What to do = Only the lines below from the one containing "Experience winning moments" through the last line should be set down, exactly as written and with no pictures.

The data =

——————

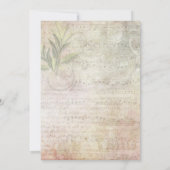 楽譜のハート結婚 招待状 (裏面)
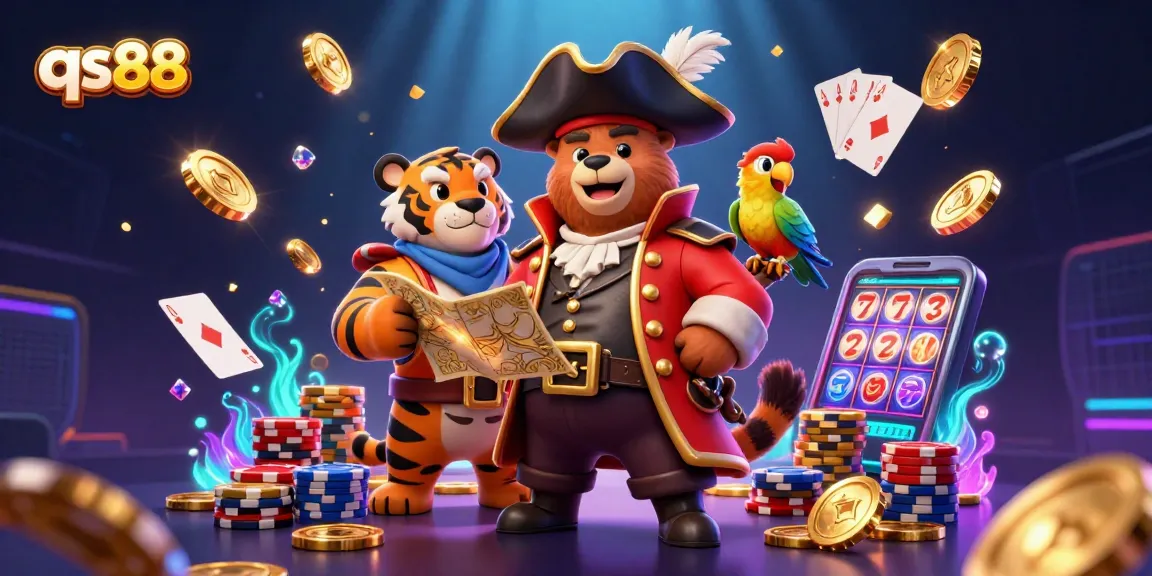 Experience winning moments at qs88 with golden coins, vibrant poker chips, and thrilling games.
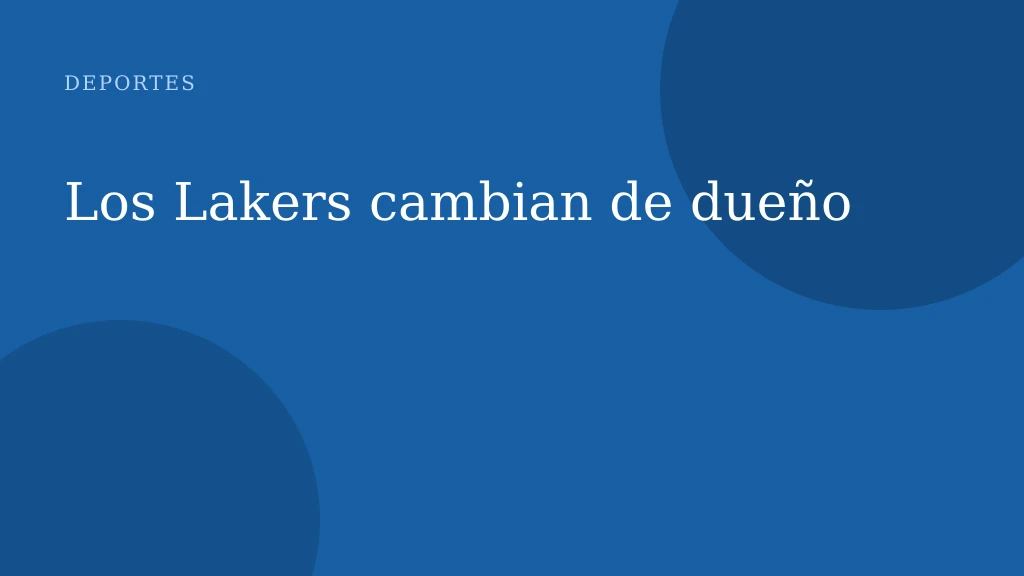 Los Lakers cambian de dueño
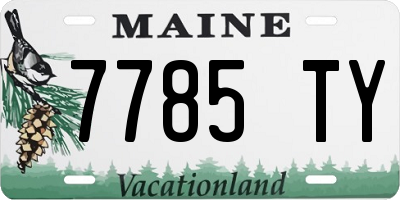 ME license plate 7785TY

——————

Result of the exercise =
 Experience winning moments at qs88 with golden coins, vibrant poker chips, and thrilling games.
 Los Lakers cambian de dueño
 ME license plate 7785TY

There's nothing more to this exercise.